CORE CRIMINAL LAW SUBJECTS: Crimes: Article 134 - Unlawful Entry

2008 (September Term)


United States v. Conliffe, 67 M.J. 127 (the elements of an unlawful entry offense are (1) that the accused entered the real property of another or certain personal property of another which amounts to a structure usually used for habitation or storage, (2) that such entry was unlawful, and (3) that, under the circumstances, the conduct of the accused was to the prejudice of good order and discipline in the armed forces or was of a nature to bring discredit upon the armed forces). 


(the MCM expressly states that an unlawful entry violation under Article 134, UCMJ, is a lesser included offense to a housebreaking charge under Article 130, UCMJ; the first two elements of unlawful entry are subsumed within the first element of housebreaking, which expressly requires that the accused “unlawfully entered” a certain location; the third element required for unlawful entry is inherently included within the second element of housebreaking). 

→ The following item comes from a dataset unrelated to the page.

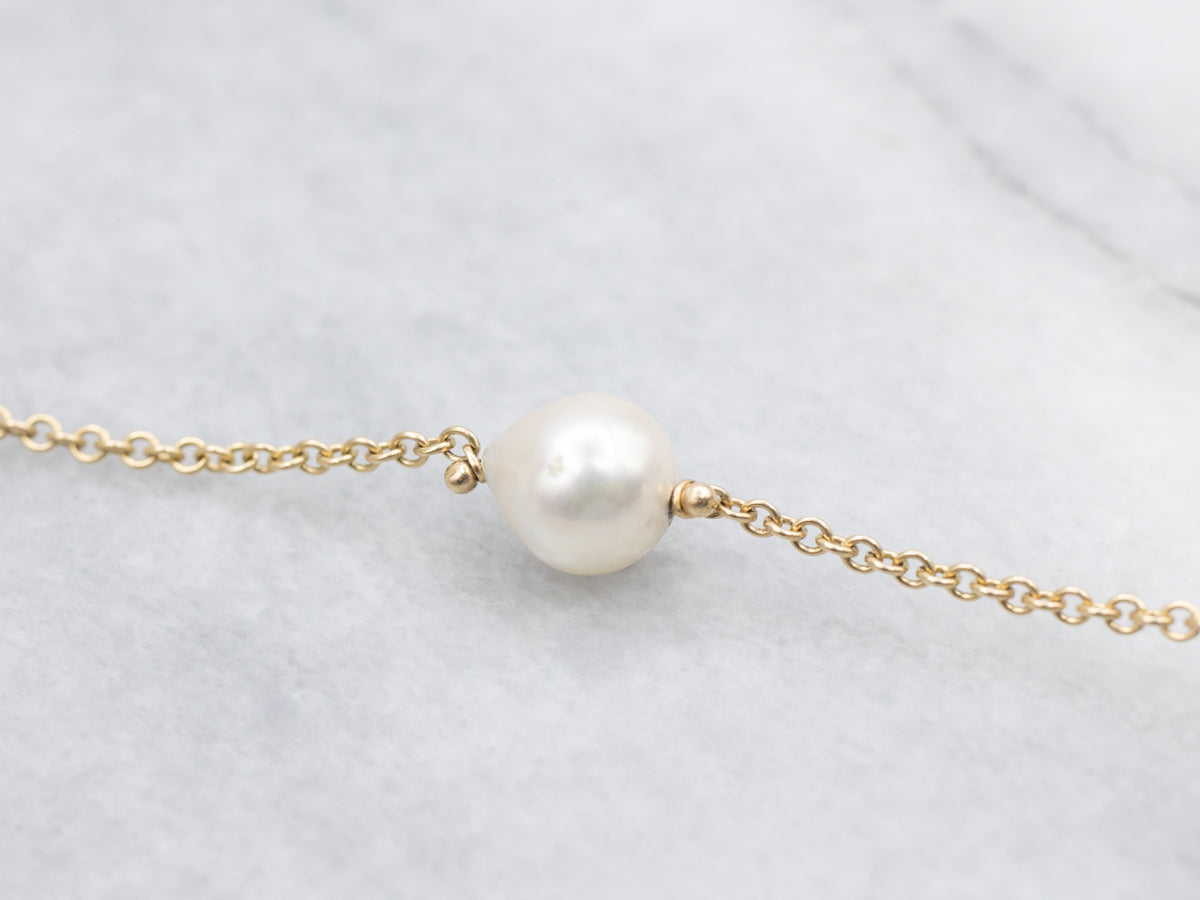 Beaded Pearl Rolo Station Necklace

(housebreaking requires that the accused entered with the intent to commit a criminal offense therein; Article 134, UCMJ, punishes, among other things, conduct which is or generally has been recognized as illegal under the common law or under most statutory criminal codes; such activity, by its unlawful nature, tends to prejudice good order or to discredit the service; therefore, by entering without authority and possessing the intent to commit an offense punishable under the UCMJ, the accused has engaged in service discrediting or prejudicial conduct).


(appellant, who pleaded guilty to housebreaking, was by definition on notice that unlawful entry was a lesser included offense of housebreaking because it is a subset of the greater offense alleged; further, the military judge advised appellant that he had the option of only pleading guilty to unlawful entry if appellant did not possess the criminal intent required for housebreaking; while the military judge did not provide the specific elements of unlawful entry to appellant, the military judge defined unlawful entry and put appellant on notice of this alternative theory of guilt). 

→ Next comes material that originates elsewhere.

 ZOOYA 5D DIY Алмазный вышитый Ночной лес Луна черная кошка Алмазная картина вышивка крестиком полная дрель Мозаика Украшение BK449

(in the context of this case, appellant, who pleaded guilty to housebreaking and conduct unbecoming an officer and a gentleman, was on fair constructive notice that his admission to discredit in the context of pleading guilty to conduct unbecoming an officer and a gentleman amounted to an admission to discrediting conduct for the purposes of the offense of unlawful entry, a lesser included offense of housebreaking; first, the military judge placed him on explicit notice that unlawful entry was a lesser included offense to housebreaking; second, as a matter of law and logic, discredit is encompassed within the concept of conduct unbecoming an officer and a gentleman, to which appellant readily pleaded).